Below this sentence is a listing; return exactly its lines from the one with "速卖通：服饰和3C稳居APP成交前列，2016年流量青睐中国好卖家" to the one with "VidaXL 3270579 sommier", both kept, and nothing more.

[[ Dataset records, beginning ]]

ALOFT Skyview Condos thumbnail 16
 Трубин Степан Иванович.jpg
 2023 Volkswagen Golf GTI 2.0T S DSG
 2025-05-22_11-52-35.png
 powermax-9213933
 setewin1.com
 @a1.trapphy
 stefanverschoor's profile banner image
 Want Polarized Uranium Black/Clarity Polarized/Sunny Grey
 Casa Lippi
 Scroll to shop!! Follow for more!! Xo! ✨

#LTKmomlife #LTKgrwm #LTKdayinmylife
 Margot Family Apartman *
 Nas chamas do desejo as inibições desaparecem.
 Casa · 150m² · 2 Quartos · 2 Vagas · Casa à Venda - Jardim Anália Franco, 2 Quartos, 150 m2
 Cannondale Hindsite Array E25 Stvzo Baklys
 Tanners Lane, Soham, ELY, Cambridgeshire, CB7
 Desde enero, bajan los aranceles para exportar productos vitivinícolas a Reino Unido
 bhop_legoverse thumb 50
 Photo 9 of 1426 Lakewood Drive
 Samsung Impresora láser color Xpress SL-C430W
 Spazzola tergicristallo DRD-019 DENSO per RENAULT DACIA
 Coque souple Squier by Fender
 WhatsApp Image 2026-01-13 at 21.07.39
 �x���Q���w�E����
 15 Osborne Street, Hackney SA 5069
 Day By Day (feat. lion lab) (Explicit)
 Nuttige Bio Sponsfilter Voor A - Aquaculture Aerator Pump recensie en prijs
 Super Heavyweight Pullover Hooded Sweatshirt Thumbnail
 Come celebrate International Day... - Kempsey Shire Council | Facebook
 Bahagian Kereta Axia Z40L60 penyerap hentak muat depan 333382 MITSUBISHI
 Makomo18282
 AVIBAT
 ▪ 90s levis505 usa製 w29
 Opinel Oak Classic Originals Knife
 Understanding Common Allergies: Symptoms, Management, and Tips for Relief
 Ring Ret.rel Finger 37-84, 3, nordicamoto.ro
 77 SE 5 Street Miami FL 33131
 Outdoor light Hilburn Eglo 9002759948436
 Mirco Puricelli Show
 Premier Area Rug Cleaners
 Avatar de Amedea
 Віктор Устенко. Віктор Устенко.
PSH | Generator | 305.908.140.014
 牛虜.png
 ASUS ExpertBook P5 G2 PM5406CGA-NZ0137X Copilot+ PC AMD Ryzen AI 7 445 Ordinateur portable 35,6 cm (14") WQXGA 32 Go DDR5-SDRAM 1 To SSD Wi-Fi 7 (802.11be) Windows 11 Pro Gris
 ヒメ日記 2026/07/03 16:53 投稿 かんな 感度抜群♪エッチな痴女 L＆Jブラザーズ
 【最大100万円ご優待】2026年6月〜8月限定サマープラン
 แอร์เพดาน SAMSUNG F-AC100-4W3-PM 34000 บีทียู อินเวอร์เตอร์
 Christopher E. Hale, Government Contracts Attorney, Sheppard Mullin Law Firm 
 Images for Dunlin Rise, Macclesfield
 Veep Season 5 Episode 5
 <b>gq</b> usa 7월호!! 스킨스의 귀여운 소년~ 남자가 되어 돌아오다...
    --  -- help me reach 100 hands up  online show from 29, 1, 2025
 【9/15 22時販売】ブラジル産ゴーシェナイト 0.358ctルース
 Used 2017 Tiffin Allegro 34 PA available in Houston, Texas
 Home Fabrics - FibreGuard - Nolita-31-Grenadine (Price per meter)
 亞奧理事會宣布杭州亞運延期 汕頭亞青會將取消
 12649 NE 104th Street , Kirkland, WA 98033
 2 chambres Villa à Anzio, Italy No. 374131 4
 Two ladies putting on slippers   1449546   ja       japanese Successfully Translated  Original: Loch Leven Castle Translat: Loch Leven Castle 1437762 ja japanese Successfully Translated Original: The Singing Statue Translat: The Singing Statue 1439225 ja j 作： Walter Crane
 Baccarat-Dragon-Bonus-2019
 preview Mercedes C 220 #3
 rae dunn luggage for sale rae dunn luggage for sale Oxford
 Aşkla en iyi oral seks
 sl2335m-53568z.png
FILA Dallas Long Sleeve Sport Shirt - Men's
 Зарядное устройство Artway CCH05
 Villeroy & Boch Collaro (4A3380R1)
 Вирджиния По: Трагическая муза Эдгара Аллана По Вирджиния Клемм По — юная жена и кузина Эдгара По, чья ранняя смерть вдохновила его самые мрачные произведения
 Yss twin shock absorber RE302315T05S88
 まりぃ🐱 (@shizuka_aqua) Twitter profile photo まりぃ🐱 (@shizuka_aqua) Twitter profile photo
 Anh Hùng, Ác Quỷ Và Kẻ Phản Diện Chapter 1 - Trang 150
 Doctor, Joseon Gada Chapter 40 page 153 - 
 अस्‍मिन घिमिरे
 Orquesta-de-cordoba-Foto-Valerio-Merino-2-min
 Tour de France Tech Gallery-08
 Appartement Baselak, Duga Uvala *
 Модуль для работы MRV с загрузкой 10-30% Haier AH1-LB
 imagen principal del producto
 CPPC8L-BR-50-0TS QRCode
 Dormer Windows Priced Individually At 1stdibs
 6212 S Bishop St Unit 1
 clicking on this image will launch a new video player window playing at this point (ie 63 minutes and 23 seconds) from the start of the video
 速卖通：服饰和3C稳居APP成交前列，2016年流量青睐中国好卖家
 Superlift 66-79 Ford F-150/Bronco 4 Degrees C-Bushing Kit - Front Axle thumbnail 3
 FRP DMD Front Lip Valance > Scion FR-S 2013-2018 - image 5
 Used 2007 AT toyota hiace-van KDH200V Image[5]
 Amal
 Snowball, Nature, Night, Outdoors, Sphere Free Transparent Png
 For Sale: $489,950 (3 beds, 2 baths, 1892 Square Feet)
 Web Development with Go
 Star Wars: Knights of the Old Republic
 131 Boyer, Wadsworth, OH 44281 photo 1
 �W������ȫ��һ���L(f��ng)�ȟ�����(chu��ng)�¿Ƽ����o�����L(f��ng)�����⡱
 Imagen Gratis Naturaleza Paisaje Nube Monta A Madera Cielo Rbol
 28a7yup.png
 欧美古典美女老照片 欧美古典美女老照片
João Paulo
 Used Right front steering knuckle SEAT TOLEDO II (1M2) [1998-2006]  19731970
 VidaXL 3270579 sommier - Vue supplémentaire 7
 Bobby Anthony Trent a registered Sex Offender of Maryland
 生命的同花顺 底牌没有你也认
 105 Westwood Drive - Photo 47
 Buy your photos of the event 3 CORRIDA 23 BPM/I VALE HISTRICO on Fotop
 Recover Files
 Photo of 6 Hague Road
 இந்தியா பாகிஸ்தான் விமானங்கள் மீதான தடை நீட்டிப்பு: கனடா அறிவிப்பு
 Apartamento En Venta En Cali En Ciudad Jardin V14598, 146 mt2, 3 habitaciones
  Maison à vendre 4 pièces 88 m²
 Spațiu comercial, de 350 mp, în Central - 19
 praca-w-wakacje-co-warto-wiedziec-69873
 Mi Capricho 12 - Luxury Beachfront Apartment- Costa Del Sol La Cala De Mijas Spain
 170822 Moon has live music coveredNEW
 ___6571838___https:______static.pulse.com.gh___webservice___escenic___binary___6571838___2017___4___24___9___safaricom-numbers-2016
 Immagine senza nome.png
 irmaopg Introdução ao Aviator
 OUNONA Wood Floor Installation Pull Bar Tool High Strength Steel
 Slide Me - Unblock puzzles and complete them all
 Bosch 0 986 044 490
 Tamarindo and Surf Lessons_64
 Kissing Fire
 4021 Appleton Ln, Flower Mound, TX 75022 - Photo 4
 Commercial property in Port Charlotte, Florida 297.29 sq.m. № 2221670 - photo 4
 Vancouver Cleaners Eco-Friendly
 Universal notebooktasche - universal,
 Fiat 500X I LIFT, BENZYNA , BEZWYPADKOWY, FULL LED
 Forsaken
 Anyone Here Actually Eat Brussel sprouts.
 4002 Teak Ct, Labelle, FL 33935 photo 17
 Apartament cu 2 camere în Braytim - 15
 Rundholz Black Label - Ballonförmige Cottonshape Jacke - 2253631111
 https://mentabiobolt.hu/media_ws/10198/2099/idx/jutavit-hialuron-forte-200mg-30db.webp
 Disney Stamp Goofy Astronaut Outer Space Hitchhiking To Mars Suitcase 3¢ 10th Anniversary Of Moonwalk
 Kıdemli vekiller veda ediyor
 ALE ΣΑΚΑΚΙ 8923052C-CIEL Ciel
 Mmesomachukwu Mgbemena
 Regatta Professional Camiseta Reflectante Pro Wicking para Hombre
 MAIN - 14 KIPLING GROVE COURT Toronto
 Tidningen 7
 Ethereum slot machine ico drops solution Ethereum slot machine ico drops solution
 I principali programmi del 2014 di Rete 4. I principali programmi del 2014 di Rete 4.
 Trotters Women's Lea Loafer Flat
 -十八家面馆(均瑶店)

[[ Dataset records, end ]]

◆ Output:
 速卖通：服饰和3C稳居APP成交前列，2016年流量青睐中国好卖家
 Superlift 66-79 Ford F-150/Bronco 4 Degrees C-Bushing Kit - Front Axle thumbnail 3
 FRP DMD Front Lip Valance > Scion FR-S 2013-2018 - image 5
 Used 2007 AT toyota hiace-van KDH200V Image[5]
 Amal
 Snowball, Nature, Night, Outdoors, Sphere Free Transparent Png
 For Sale: $489,950 (3 beds, 2 baths, 1892 Square Feet)
 Web Development with Go
 Star Wars: Knights of the Old Republic
 131 Boyer, Wadsworth, OH 44281 photo 1
 �W������ȫ��һ���L(f��ng)�ȟ�����(chu��ng)�¿Ƽ����o�����L(f��ng)�����⡱
 Imagen Gratis Naturaleza Paisaje Nube Monta A Madera Cielo Rbol
 28a7yup.png
 欧美古典美女老照片 欧美古典美女老照片
João Paulo
 Used Right front steering knuckle SEAT TOLEDO II (1M2) [1998-2006]  19731970
 VidaXL 3270579 sommier - Vue supplémentaire 7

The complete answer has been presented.